How do I address the Zip-Strip??? Label says water or thinner, but I am hesitant to due either at this point.

If thoroughly sanded, is washing necessary??? 

I really need to get this right, so any feedback will be appreciated.


----------



## Oden (Feb 8, 2012)

I hate to say it. But ur damp mop and mild cleaner. Why? 
I'm lookin at you.


----------



## Hines Painting (Jun 22, 2013)

What cleaner did you use? Probably would have been better off painting dirt.


----------



## HQP2005 (Feb 14, 2012)

Yeah, I know why I failed, and that is why I'm gonna make it right whatever it costs. but there other factors... had to come back 2 weeks after painting house, direct sunlight and temperatures dropping fast. (none of which justify this situation now, so I have learned)

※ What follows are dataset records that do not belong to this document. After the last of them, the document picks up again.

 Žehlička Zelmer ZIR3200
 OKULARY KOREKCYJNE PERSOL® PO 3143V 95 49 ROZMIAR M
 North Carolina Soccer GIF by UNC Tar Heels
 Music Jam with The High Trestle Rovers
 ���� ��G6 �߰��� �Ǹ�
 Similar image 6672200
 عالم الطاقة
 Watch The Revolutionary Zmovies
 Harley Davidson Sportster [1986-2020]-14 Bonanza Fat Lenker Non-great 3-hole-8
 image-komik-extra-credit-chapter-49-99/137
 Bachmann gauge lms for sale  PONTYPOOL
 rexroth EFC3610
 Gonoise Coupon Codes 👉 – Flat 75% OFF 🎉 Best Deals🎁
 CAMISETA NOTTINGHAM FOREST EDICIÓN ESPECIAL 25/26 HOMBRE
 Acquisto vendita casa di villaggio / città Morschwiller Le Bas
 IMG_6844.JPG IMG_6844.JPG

I need to make right , So help


----------



## MKap (Sep 11, 2010)

Strip it and redo.


----------



## matt19422 (Oct 2, 2009)

Was it pressure treated wood?
Was it primed while the wood was still green?
Hmmm..


----------



## The 3rd Coat (Aug 17, 2013)

The wood should have been left to weather and dry out in summer before painting. Your contractor must have primed it while it was still full of moisture. I'm getting ready to strip and redo a set of new windows hat failed on me in similar fashion last year. There were time constraints to do the job, and I didn't think to let the wood dry thoroughly before painting. As a result, started to bubble and blister in areas of direct sun exposure.

Also, when you redo it, to be even safer, I suggest scuff sanding the primer before applying the top coat. For maximum adhesion.


----------



## dan-o (Sep 28, 2008)

I think the contractor should've spaced the boards out to improve ventilation as there's not too much space below the porch. We just replaced a lot of square edge fir decking due to it rotting from below due to poor venting.

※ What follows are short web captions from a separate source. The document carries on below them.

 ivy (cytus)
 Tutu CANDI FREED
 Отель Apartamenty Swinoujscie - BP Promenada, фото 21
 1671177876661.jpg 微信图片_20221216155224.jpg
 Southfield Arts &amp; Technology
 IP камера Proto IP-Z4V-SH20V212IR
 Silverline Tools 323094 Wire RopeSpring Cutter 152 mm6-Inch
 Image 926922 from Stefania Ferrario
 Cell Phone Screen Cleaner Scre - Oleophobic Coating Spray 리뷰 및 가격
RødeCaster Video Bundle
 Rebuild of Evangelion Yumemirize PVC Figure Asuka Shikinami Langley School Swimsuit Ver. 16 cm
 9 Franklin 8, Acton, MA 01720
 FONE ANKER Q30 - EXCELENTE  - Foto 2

8 ball says "likely" it will fail again.


----------



## Phinnster (Feb 20, 2013)

Can't believe how close those boards are together 

A also that product sucks 

Something like flood or arbor coat would have been better

Good luck


----------



## Oden (Feb 8, 2012)

He says it is white clear pine. Looks like it may be tounge and groove, can't tell for sure. But a floor under cover, a porch, spaced decking? A little in appropriate. If it's pressure treated it will be easy enuff to discover. Strip a foot off. But I doubt it. would be inappropriate a material to use.

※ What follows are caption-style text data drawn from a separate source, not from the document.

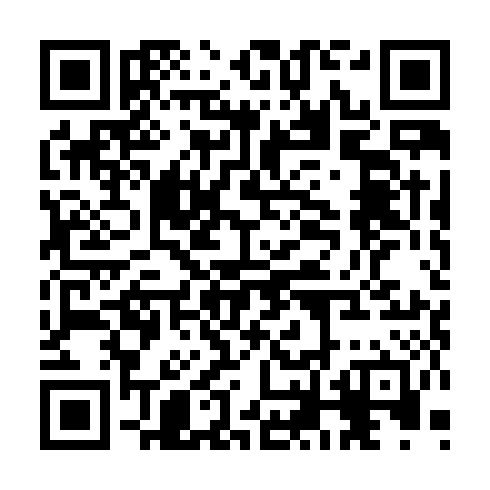 QR code for CKN163
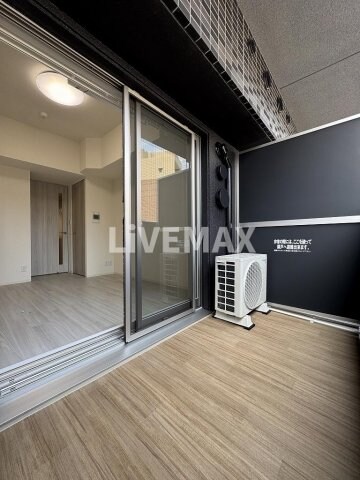 プレサンス千種駅前レガートの物件内観写真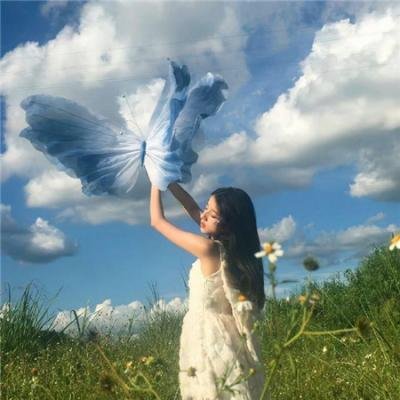 佳偶天成 海报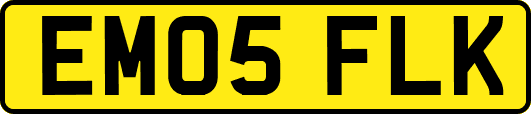 EM05FLK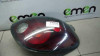  PILOTO TRASERO DERECHO FIAT BRAVO (182) 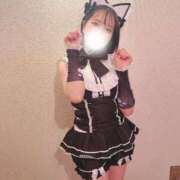 ヒメ日記 2025/06/07 12:07 投稿 ななせ 川崎ソープ　クリスタル京都南町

It's funny how pass the buck kicks in automatic and no ones horse is in the race. The builder passed to the painter. He to the paint mfg back to the builder.........goes on forever till someone blinks. I think the OP already blinked on this one. Admitted he may be at fault. Which was enuff to unhook everybody else. Can't undo it once it's done.

OP. Don't blink next time. Deny. Deny Deny.


----------



## Paint Chip (Dec 25, 2013)

Those porch floors are typical where I am in the northeast. Clean, sand/strip and coat with Ben Moore super spec industrial oil. Thin out first coat, sand and then 2nd coat straight.


----------



## Damon T (Nov 22, 2008)

It's quite possible that the wood was primed when the moisture content was too high. Bm latex porch and floor enamel doesn't even need priming. Could also be the cleaner that was used. Doesn't make much sense to clean over the primer but it's done now. Personally I would rent a orbital floor sander and take it down to bare wood. Not chemical stripper. Use a moisture meter to make sure you are at good levels before painting. Thin the first coat of P&F enamel, 2nd coat full strength as per directions. 



Sent from my iPad using PaintTalk.com


----------



## glennb (Mar 7, 2012)

maybe we should be testing timber with a moisture meter more regularly ...


----------



## benthepainter (Jun 17, 2011)

Just charge the clients for the new faux aged look


----------



## HQP2005 (Feb 14, 2012)

Oden said:


> I hate to say it. But ur damp mop and mild cleaner. Why?
> I'm lookin at you.


Hey Oden,

The flooring is tongue and groove.

Im unclear about your comment about the damp mop and cleaner.

The contractor had to trim out the columns and baseboards after floor went down and the HO's dogs had been all over its, so it gotten pretty dirty.

Up till now, my assessment was that I had not cleaned it well enough but was concerned about using a hose or pw.

Which was the mistake, not doing a more aggressive wash or washing it at all.


----------



## Bender (Aug 10, 2008)

> However, BM rep claims moisture could in fact pass through the prime without causing it to fail (prime was on tight and could not be scrapped off)


Sorry, I don't buy this. Theres no way the moisture migrated through the primer with absolutely no failure.


----------



## Gough (Nov 24, 2010)

What about ventilation under the porch? In our experience, that's been the biggest issue with paint failure on porches. There needs to be lots of free air movement underneath, and possibly a vapor barrier as well.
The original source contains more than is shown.